Zoran Zivkovic, sérvio, 67 anos, professor de escrita criativa na universidade de Belgrado, é autor de 21 livros de ficção. Seis estão editados em Portugal e têm um tema comum: uma reflexão sobre o livro. Desde o acto criativo ao seu papel civilizacional. O negócio ou o papel do leitor. O livro enquanto culto e objecto transformador. E em tudo isto uma espécie de contágio ou proximidade com a escrita de Jorge Luis Borges. O seu romance A Biblioteca chegou ao mercado português em 2012 e faz parte do Plano Nacional de Leitura. Agora publicou O Livro, prosa ficcional próxima do ensaio em que os narradores são livros a confrontar os humanos com modo como os tratam. Escrito em 1999, foi a reacção de Zivkovic ao conflito na Sérvia e a um olhar pessimista sobre o futuro do livro impresso. “Somos uma espécie ameaçada”, lê-se logo no início do o escritor considera uma sátira construída sobre um sentimento trágico. Diz-se mais optimista. Nunca tanta gente quis ser escritor, nunca se imprimiram tantos livros, mas e os leitores? É a pergunta que atravessa a conversa com Zoran Zivkovic na sua terceira visita a Lisboa. 

Este livro nasceu na guerra. No posfácio a esta edição escreve: “A uma tragédia respondi com uma comédia.”
Sim. As circunstâncias foram muito peculiares. Foi quase todo escrito na primavera de 1999. Estávamos em guerra na Sérvia e havia bombardeamentos a toda a hora. Comecei a escrever o livro como uma espécie de reacção vital. Quis opor-me à guerra e à destruição com o humor. 

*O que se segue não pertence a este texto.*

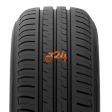 MAXXIS MA-P5  175/70 R14 84 H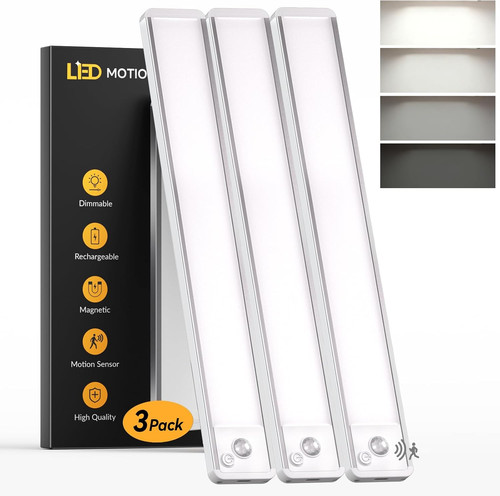 Reglette led cuisine - reglette,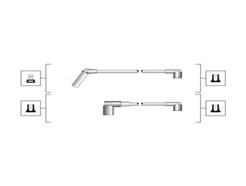 MAGNETI MARELLI 941319170117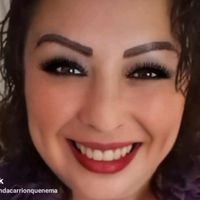 brendacarrionquenema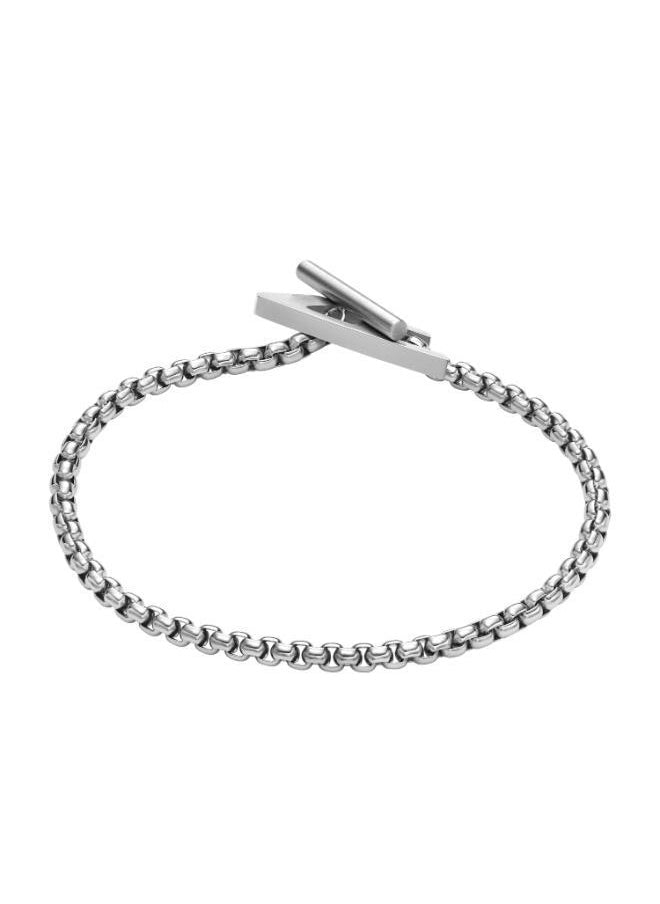 buy-diesel-dx1476040-chain-bracelet_91r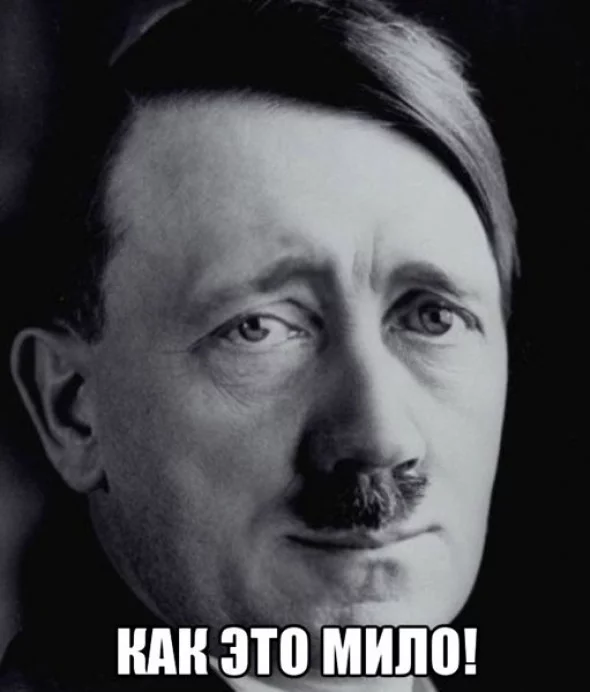 c0cjgf.webp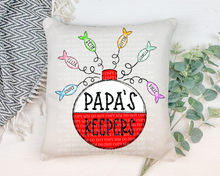 Load image into Gallery viewer, Bobber & Fish Bundle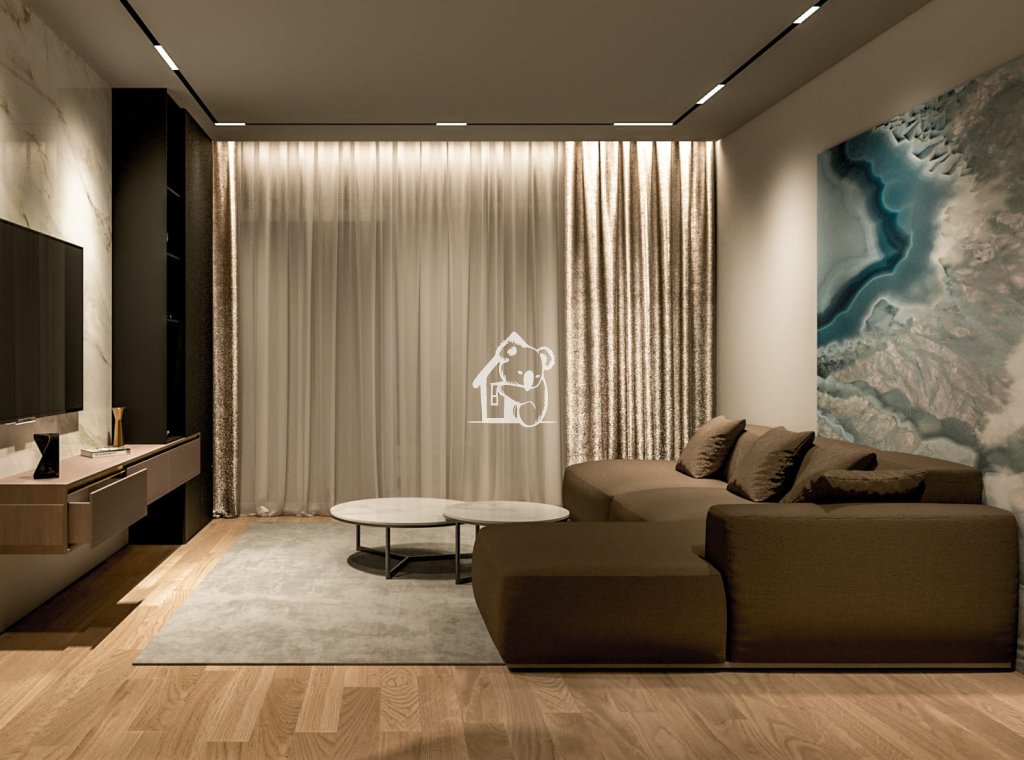 New Build - Penthouse - Torrevieja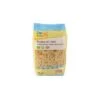 Biotobio Zero% Glutine Pasta Riso Fusilli Senza Glutine Bio 500 G 1 Biotobio Zero% Glutine Pasta Riso Fusilli Senza Glutine Bio 500 G -Farmacia Point-IT biotobio zero glutine pasta riso fusilli senza glutine bio 500 g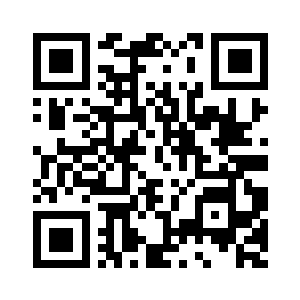 方源对这个结果已经很满意了二维码生成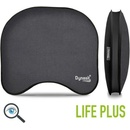 Dynasit LIFE+ mická podložka na sedenie, 1x1 ks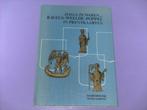 Boek: ravels-weelde-poppel in prentkaarten. (1979), Boeken, Geschiedenis | Stad en Regio, Ophalen of Verzenden, Gelezen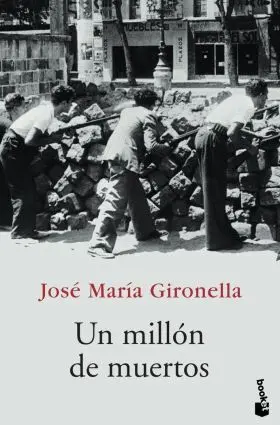 Un Millon de Muertos (Nf)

Se tivesse de definir este livro…
Diria que é muito melancólico sobre um assunto triste, escrito de forma humorística. É sobre a última fase do livro impresso e a sua substituição pela versão digital.

No caso, o CD-ROM.
Que era então a tecnologia de ponta. Se o tivesse escrito hoje seria outra, como também digo no posfácio da edição portuguesa. Discuti com o meu editor italiano. Ele não quis que eu incluísse um posfácio como este, e insistia em que eu alterasse o final do livro, substituindo o CD-ROM pelo e-book. Imagine que eu faria isso! Com a aceleração do progresso teria de passar o resto da minha vida a escrever finais diferentes. As circunstâncias que me levaram a escrevê-lo não se vão repetir. Mas é um livro humorístico e se há grande desafio em escrever literatura o maior é escrevê-la de forma cómica. Saramago poderia dizer-lhe muito mais acerca disso do que eu. Dificilmente pode surgir um tema tão sombrio quanto o de Ensaio Sobre a Cegueira, o mundo a desintegrar-se e o grande mestre a encontrar formas de incluir elementos cómicos. Quase senti má consciência por rir ali, era como se ao rir estivesse a trair as pessoas que habitavam o livro. Foi a magia de Saramago que me fez rir. Dou a ler aos meus estudantes excertos de Saramago para lhes mostrar como devem lidar com esse desafio do cómico.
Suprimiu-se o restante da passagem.